▶ Your task: Exact reproduction is required for the lines below starting at the line with "Принтер hp laserjet m1132 mfp" and ending at the line with "Emoji 👱‍♀️ Donna", both included. No other lines, and no pictures.

▶ Data:
○ ○ ○

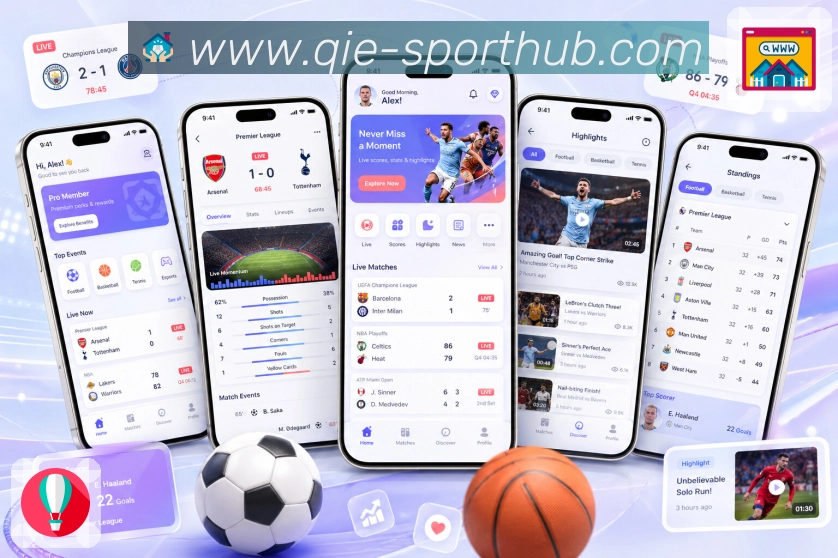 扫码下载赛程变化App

○ ○ ○

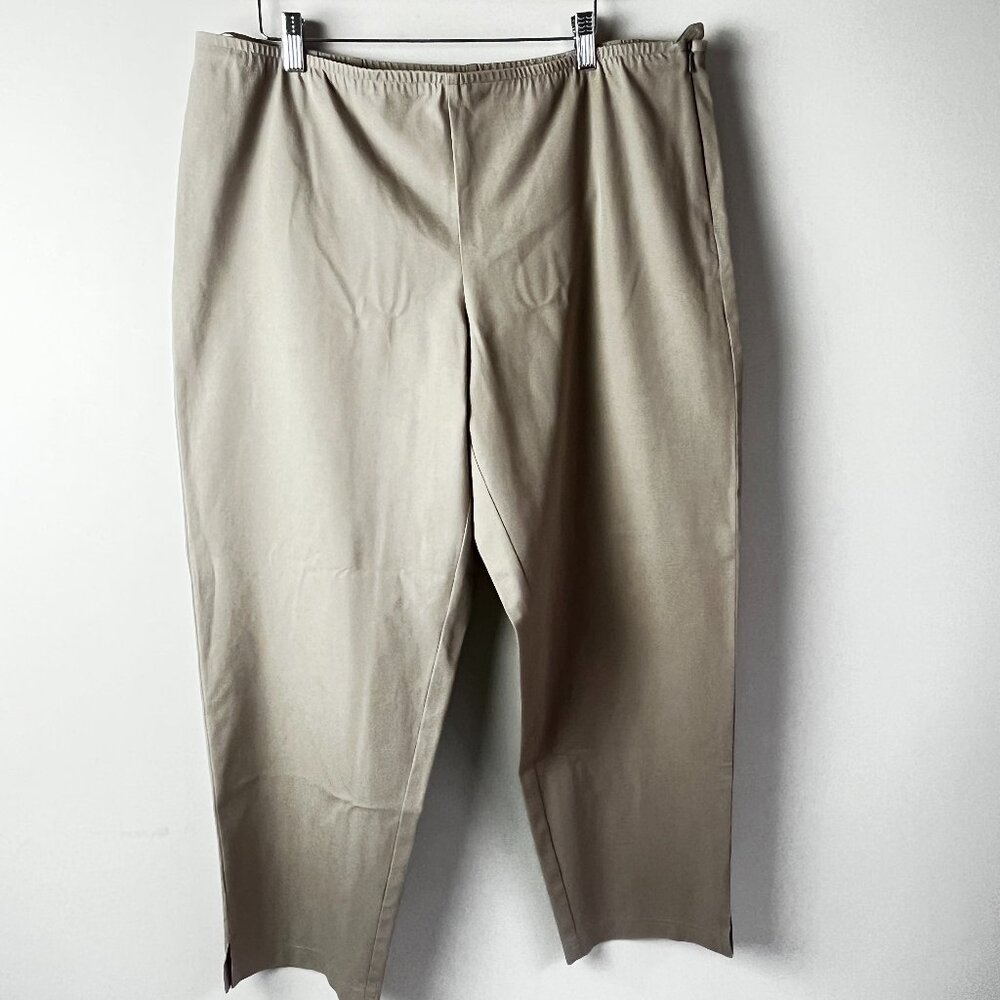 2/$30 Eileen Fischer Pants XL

○ ○ ○

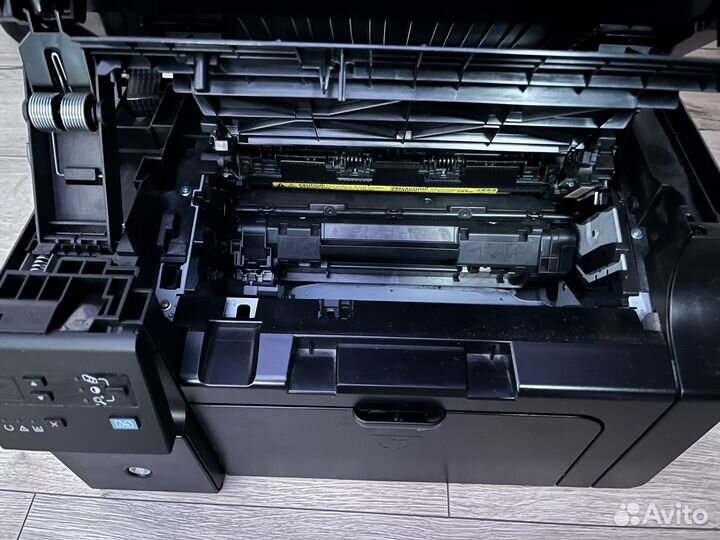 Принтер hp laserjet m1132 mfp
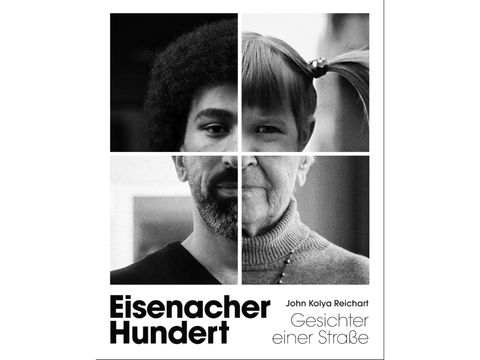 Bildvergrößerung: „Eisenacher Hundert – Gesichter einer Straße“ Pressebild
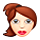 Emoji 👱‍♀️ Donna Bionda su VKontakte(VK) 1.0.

○ ○ ○

▶ Answer:
 Принтер hp laserjet m1132 mfp
 Bildvergrößerung: „Eisenacher Hundert – Gesichter einer Straße“ Pressebild
 Emoji 👱‍♀️ Donna Bionda su VKontakte(VK) 1.0.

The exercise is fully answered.